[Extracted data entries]
━━━━━━━━━━━━━━━━━━━━
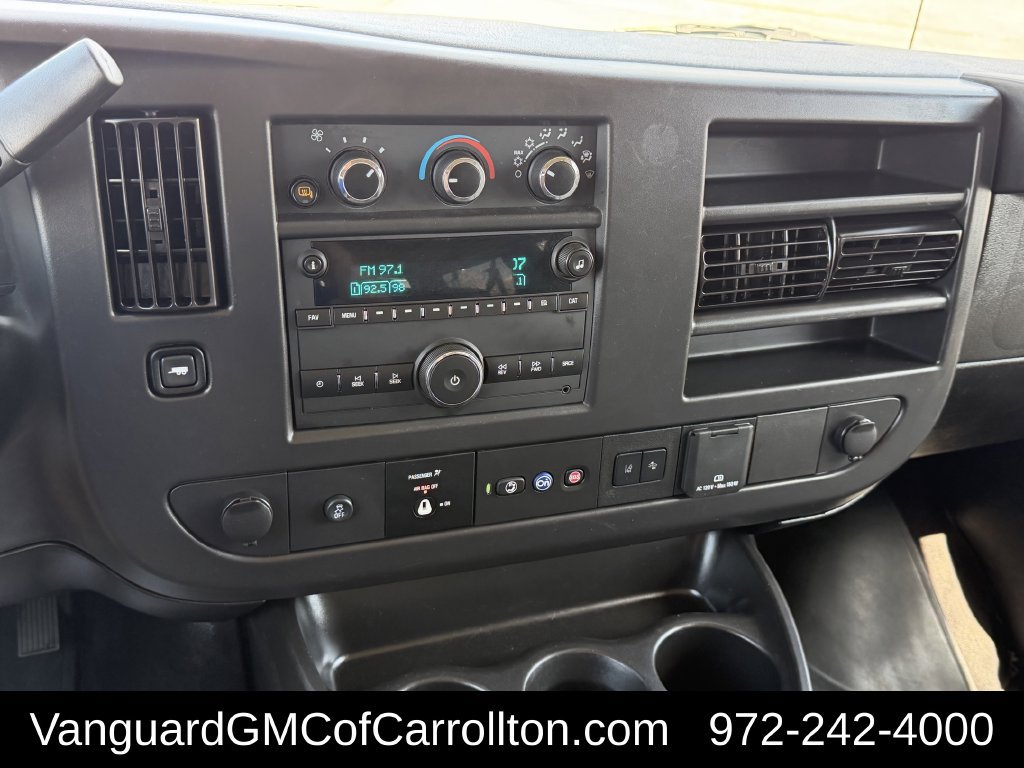 Used 2025 Chevrolet Express 3500 LT w/ LT Preferred Equipment Group RWD image 17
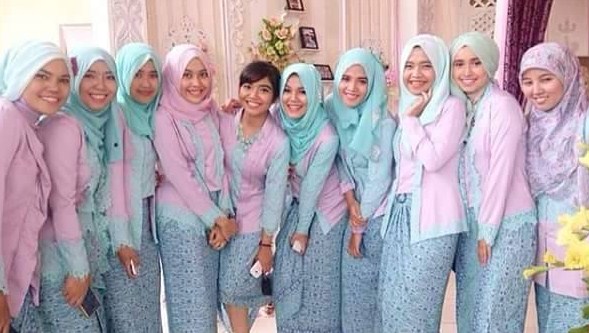  Foto  Baju  Muslim Kebaya Modern Kombinasi Brokat untuk  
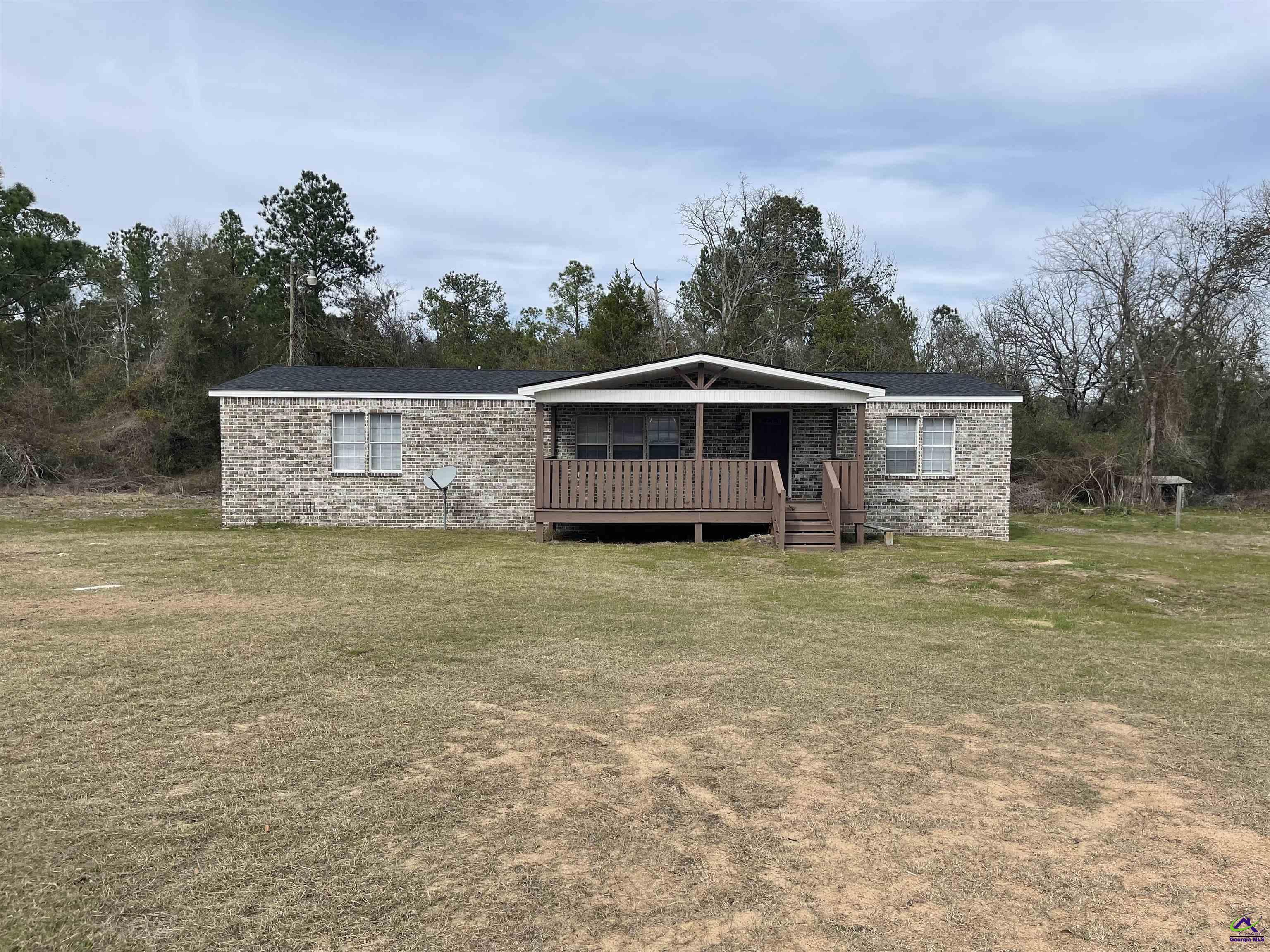 275 Chapman Road Property Photo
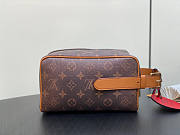 Louis Vuitton LV Locker Dopp Kit Monogram Dust 23 x 13 x 12 cm - 4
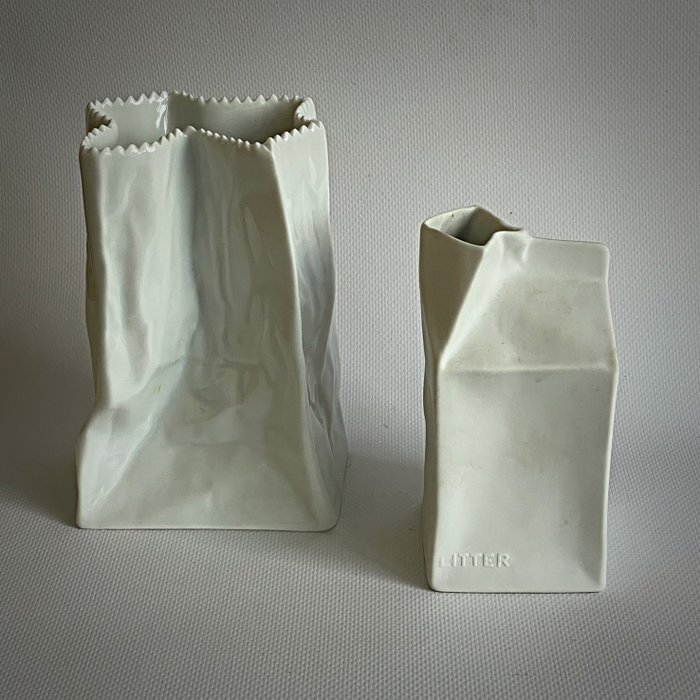 Tapio Wirkkala, Frogen Yang - Rosenthal - Vase de sac en papier et carton de lait (2) - Porcelaine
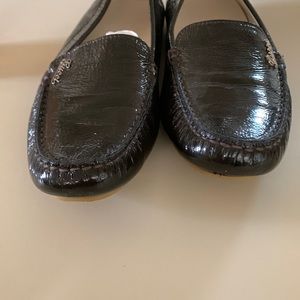 Gucci women driving shoes sz381/2 pattern leather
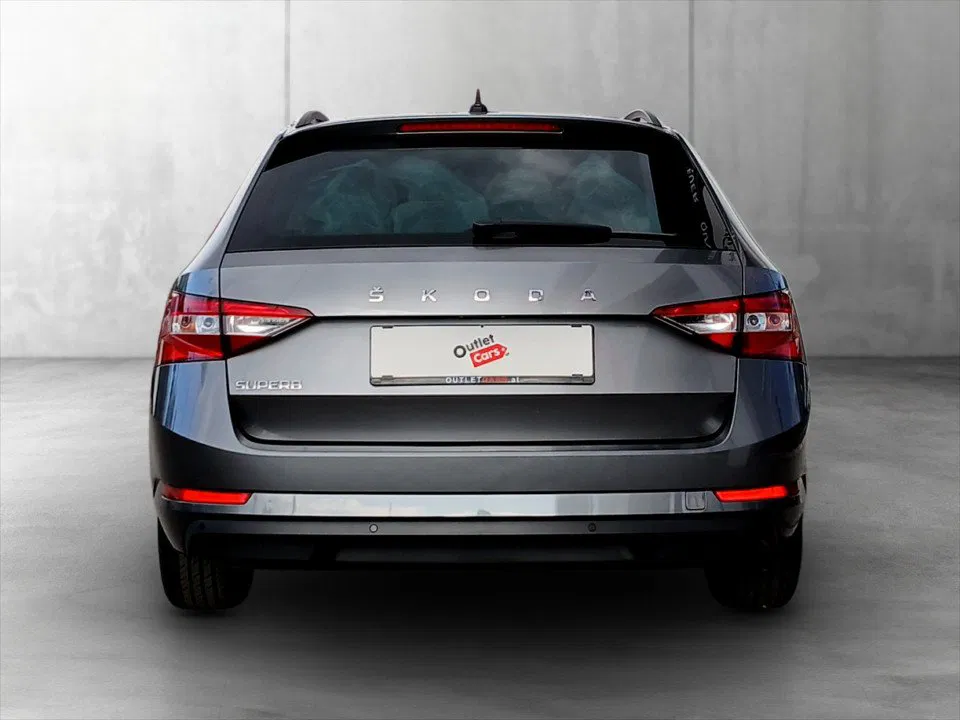 Skoda Superb Combi 2.0 TDI Ambition DSG | Bild 6 von 17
━━━━━━━━━━━━━━━━━━━━
▶ [Exercise requirements]: I would like the lines from the one with "Tapio Wirkkala, Frogen" through the last line of the data above retyped exactly, with pictures left out, please.

▶ [Response to the exercise]:
 Tapio Wirkkala, Frogen Yang - Rosenthal - Vase de sac en papier et carton de lait (2) - Porcelaine
 Gucci women driving shoes sz381/2 pattern leather
 Skoda Superb Combi 2.0 TDI Ambition DSG | Bild 6 von 17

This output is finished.